I have a function, as described below, where I want to write the same behavior as written in line (1)
with non-temporal store
. Is the usage of _mm_stream_si64
in line (2)
a correct way to reproduce line (1)
?
void func(void *dest, void *src){
(1) *(void **)(dest) = src;
(2) _mm_stream_si64(dest, src);
}
I am not entirely sure I am using _mm_stream_si64
correctly because supposedly it expects __int64
type as a second parameter (_mm_stream_si64(__int64* mem_addr, __int64 a)
). Though for mem_addr
, I hope using void *
should be fine.
Or is there any other intrinsic store I could use?
CodePudding user response:
It's only correct in 64-bit mode, where a void*
is 64-bit. But then yes, that's correct. It's an 8-byte alignment-required store that's strict-aliasing safe (it doesn't care about C types, only bytes of memory, like memcpy but with an alignment requirement.) So it's definitely safe if dst
was correctly aligned to hold a void*
.
Although movnti
with 64-bit operand-size is only available at all in 64-bit mode, so the only time that would compile but be wrong is with gcc -mx32
(32-bit pointers in 64-bit mode.)
You should include a static_assert( sizeof(src) == sizeof(int64_t) )

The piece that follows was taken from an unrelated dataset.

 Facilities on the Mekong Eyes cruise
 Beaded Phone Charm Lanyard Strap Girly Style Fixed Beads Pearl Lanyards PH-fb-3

. Or an if(sizeof(src) == 4)
to select _mm_stream_si32
.
Note that NT stores are generally only efficient if you're writing a full line with NT stores (all 64 bytes of a naturally-aligned 64-byte chunk). So a single movnti
will often be worse for performance unless you're calling this or other wrapper functions for each element of a struct or something.